While really just a Prometheus sequel, we all know in our heart of hearts that had this film been called Prometheus 2 it would’ve got no funding and people would’ve raged hate upon it. So, what does director Ridley Scott do? Brand it as a straight Alien film, and yet still use the script we all know was originally just a Prometheus sequel.

Alien: Covenant is set ten years after the events of Prometheus, which puts it about twenty years before Alien. The Covenant is a colony ship, headed to a new planet. When a shockwave hits the ship, the crew are forced to wake early to repair the ship, and as they do, they receive an unmistakably human transmission from a previously unknown planet.

Captain Oram (Billy Crudup) decides to investigate the nearby planet, as it looks as though it’ll be better for colonisation. Second-in-command Daniels (Katherine Waterston) vehemently objects but to no avail. From there, various forms of xenomorph, battles between faith and science, and the moralities around bio-engineering are explored.

I am a huge 1979 Alien fan. I’ve watched the film what I’m sure is a reasonable number of times (read: 30).
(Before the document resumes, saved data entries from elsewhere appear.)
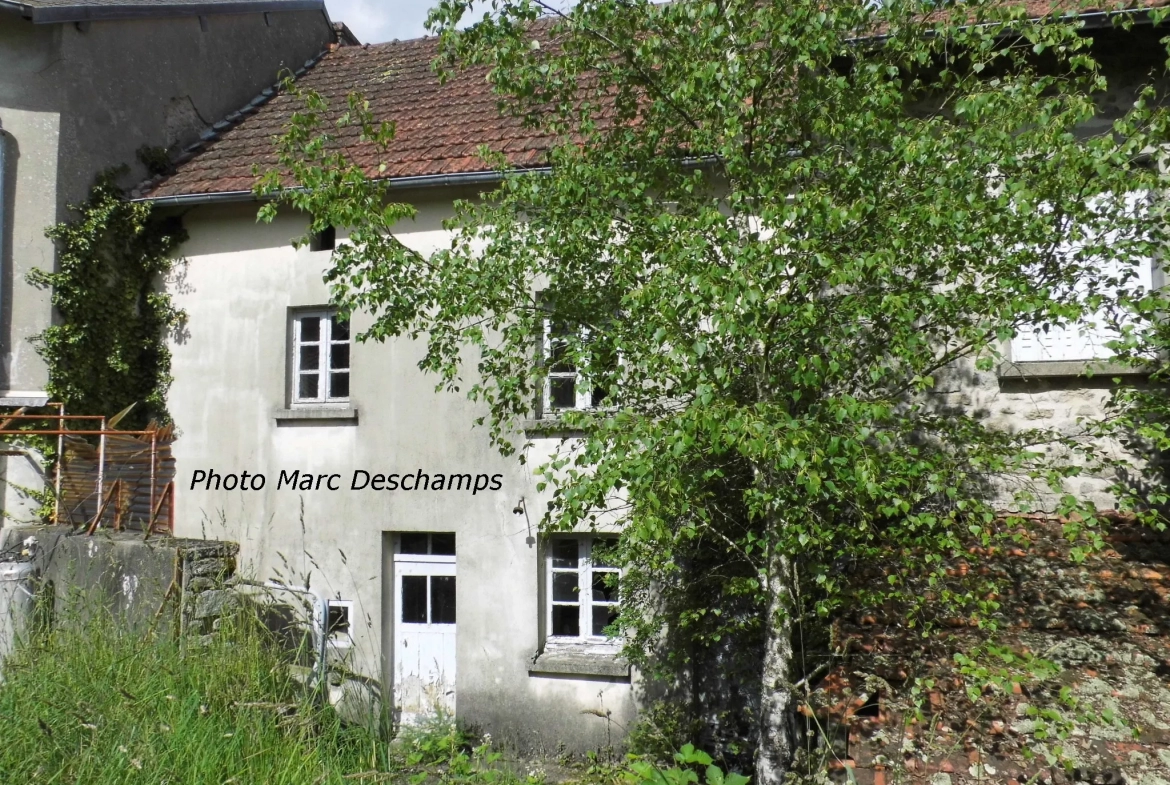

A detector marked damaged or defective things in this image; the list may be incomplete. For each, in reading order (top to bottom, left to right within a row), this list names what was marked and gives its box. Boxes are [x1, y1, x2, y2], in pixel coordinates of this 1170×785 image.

broken window pane [302, 316, 320, 342]
broken window pane [330, 316, 350, 340]
broken window pane [296, 344, 320, 370]
broken window pane [330, 342, 350, 370]
broken window pane [298, 374, 318, 398]
broken window pane [328, 372, 346, 398]
broken window pane [552, 376, 580, 408]
broken window pane [400, 528, 426, 556]
broken window pane [432, 528, 454, 556]
broken window pane [552, 536, 580, 568]
broken window pane [400, 572, 426, 620]
broken window pane [432, 572, 454, 620]
broken window pane [552, 568, 580, 600]
broken window pane [592, 568, 620, 600]
broken window pane [552, 600, 580, 636]
broken window pane [588, 608, 616, 636] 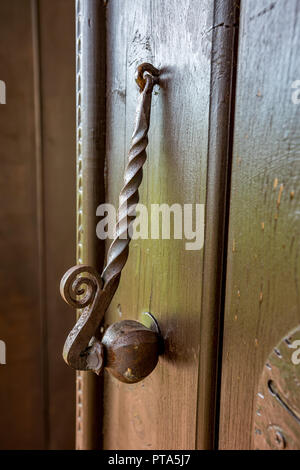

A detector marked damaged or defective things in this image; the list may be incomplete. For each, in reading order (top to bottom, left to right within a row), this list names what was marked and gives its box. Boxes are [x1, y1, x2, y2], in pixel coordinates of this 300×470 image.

I even like Aliens. The next two – meh. But as an avid Alien lover, it’s really hard for me to sit still in a darkened cinema for two hours and still not know what exactly is going on. Scott’s return to the xenomorph universe raises as many questions as it answers. The storyline is complex and logic is occasionally left behind.

James Franco offers a spectacularly brief cameo in the first ten minutes, we can speculate largely due to Danny McBride’s casting – which is brilliant, as I can’t even think of a film that I’ve seen him in that wasn’t a comedy. Michael Fassbender returns as synthetic David, but also plays the joint role of synthetic Walter; two completely different robots. Waterston ticks off what is obviously a must-have scene: her running through corridors in the spaceship in a tank top and suspiciously Ripley-inspired haircut.

What’s most exciting is the fact that Scott has promised us another two Alien films that will eventually come full circle with the first Sigourney Weaver flick. For all its murky confusion, Alien: Covenant redeemed itself with its 21st century remaking of a few iconic original Alien scenes, and left you in suspense. I swear, the last five minutes of the film I was on the edge of my seat, mid-cringe, screaming, “No, don’t you see what’s happening, you fool!”